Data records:
━━━━━━━━━━━━━━━━━━━━━━━━━━━━━━

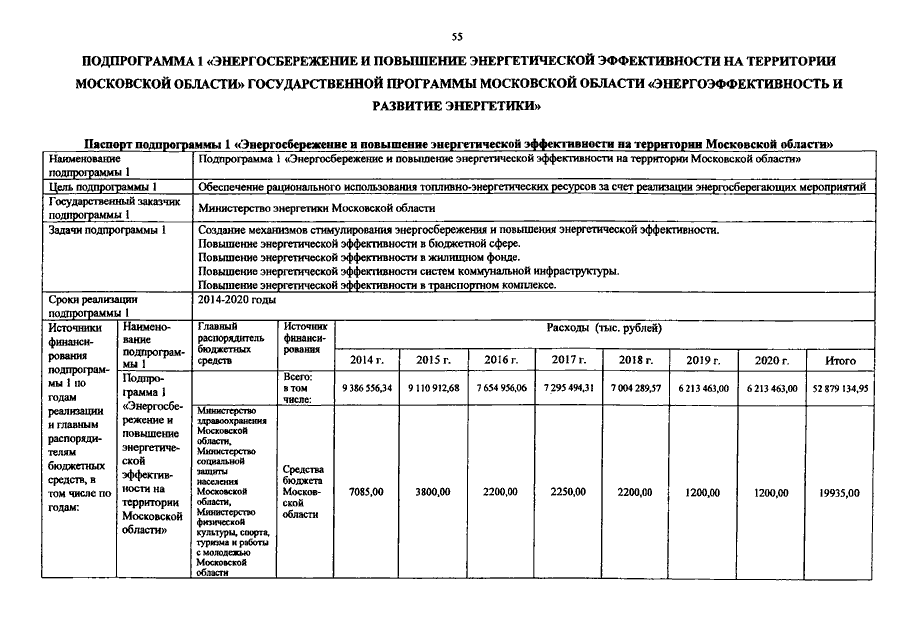 Программа энергосбережения и повышения энергетической эффективности образец 2022 2024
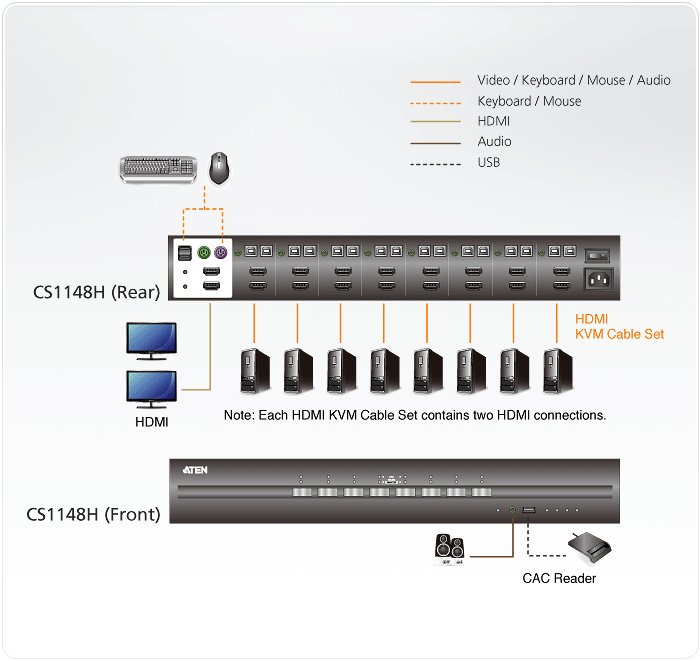 8-Port USB HDMI Dual Display Secure KVM Switch (PSS PP v3.0 Compliant) — изглед 4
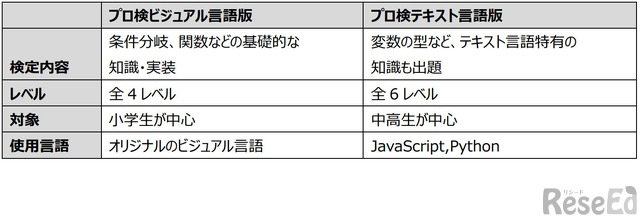 プログラミング能力検定、待望のPython導入 2枚目の写真・画像 教育業界ニュース「ReseEd（リシード）」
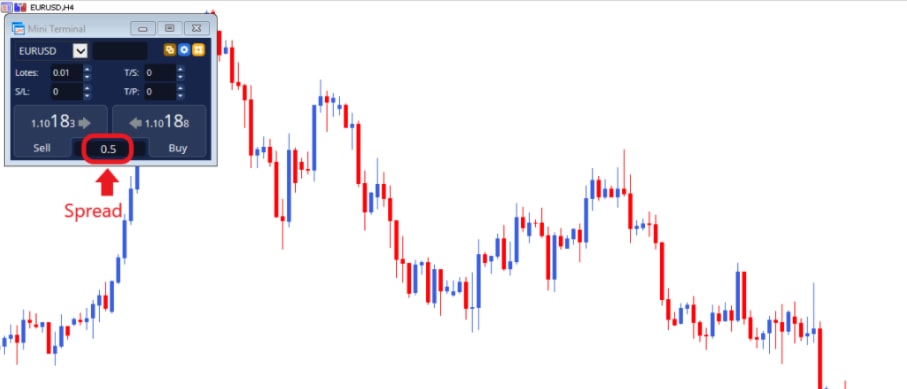 Afișajul Mini Terminal include spreadul în timp real, situat între butonul de Sell și cel de Buy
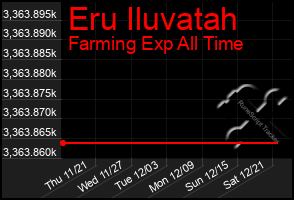 Total Graph of Eru Iluvatah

━━━━━━━━━━━━━━━━━━━━━━━━━━━━━━

» What is needed
Could the entries above be retyped exactly, with the pictures left out?

» Reply to the exercise
 Программа энергосбережения и повышения энергетической эффективности образец 2022 2024
 8-Port USB HDMI Dual Display Secure KVM Switch (PSS PP v3.0 Compliant) — изглед 4
 プログラミング能力検定、待望のPython導入 2枚目の写真・画像 教育業界ニュース「ReseEd（リシード）」
 Afișajul Mini Terminal include spreadul în timp real, situat între butonul de Sell și cel de Buy
 Total Graph of Eru Iluvatah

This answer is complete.